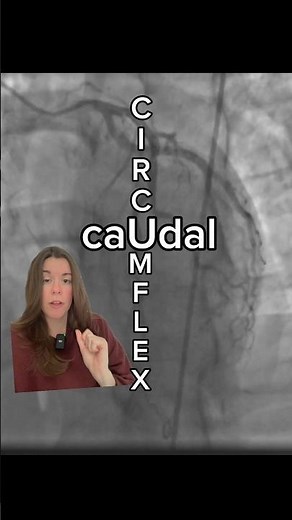 LAO CRANIAL - Made Easy! #cathlab #cardiology #angiography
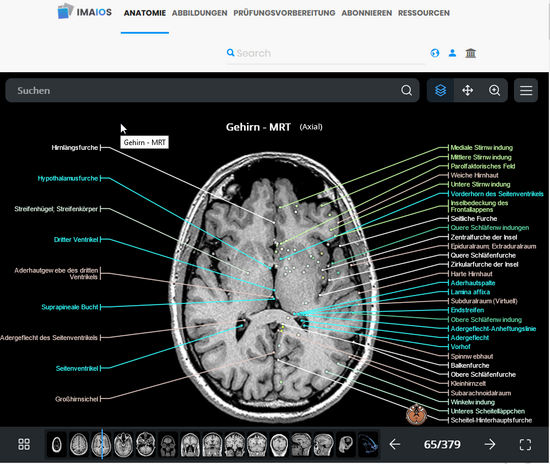 Imaios e-Anatomy 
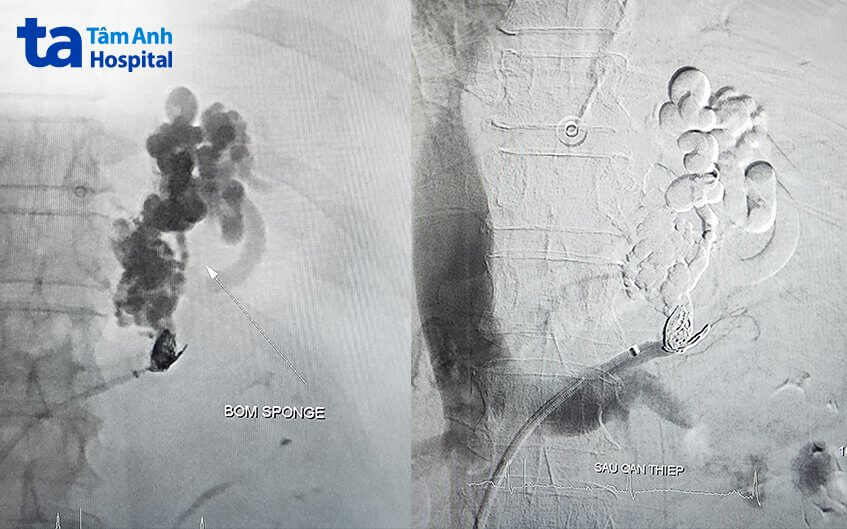 hình ảnh can thiệp nội mạch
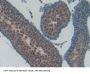 Osteocalcin (BGLAP) Antibody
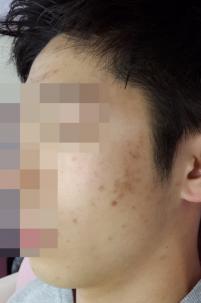 치료 전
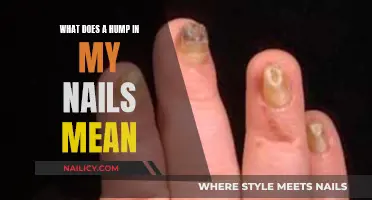 Hump in Nails: What Does It Mean?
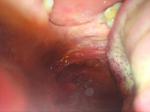 Ком в горле и увеличены лимфатические узлы за ушами фото 3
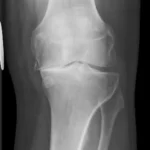 Artrosis de rodilla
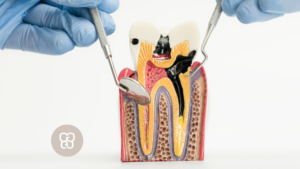 caries dental ferrocarril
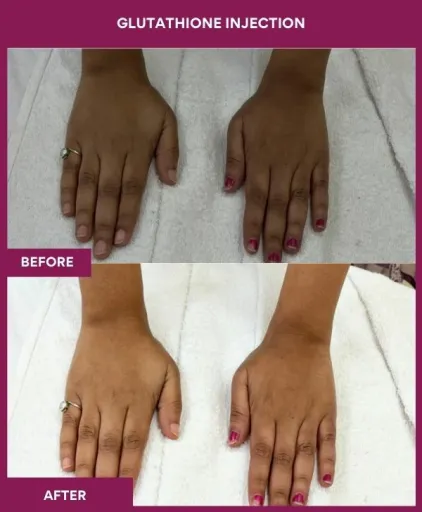 18 Glutha Injection (2)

····················

» TASK ITEM:
Exact output of each line above is wanted, without the pictures.

» RESULT BELOW:
 LAO CRANIAL - Made Easy! #cathlab #cardiology #angiography
 Imaios e-Anatomy 
 hình ảnh can thiệp nội mạch
 Osteocalcin (BGLAP) Antibody
 치료 전
 Hump in Nails: What Does It Mean?
 Ком в горле и увеличены лимфатические узлы за ушами фото 3
 Artrosis de rodilla
 caries dental ferrocarril
 18 Glutha Injection (2)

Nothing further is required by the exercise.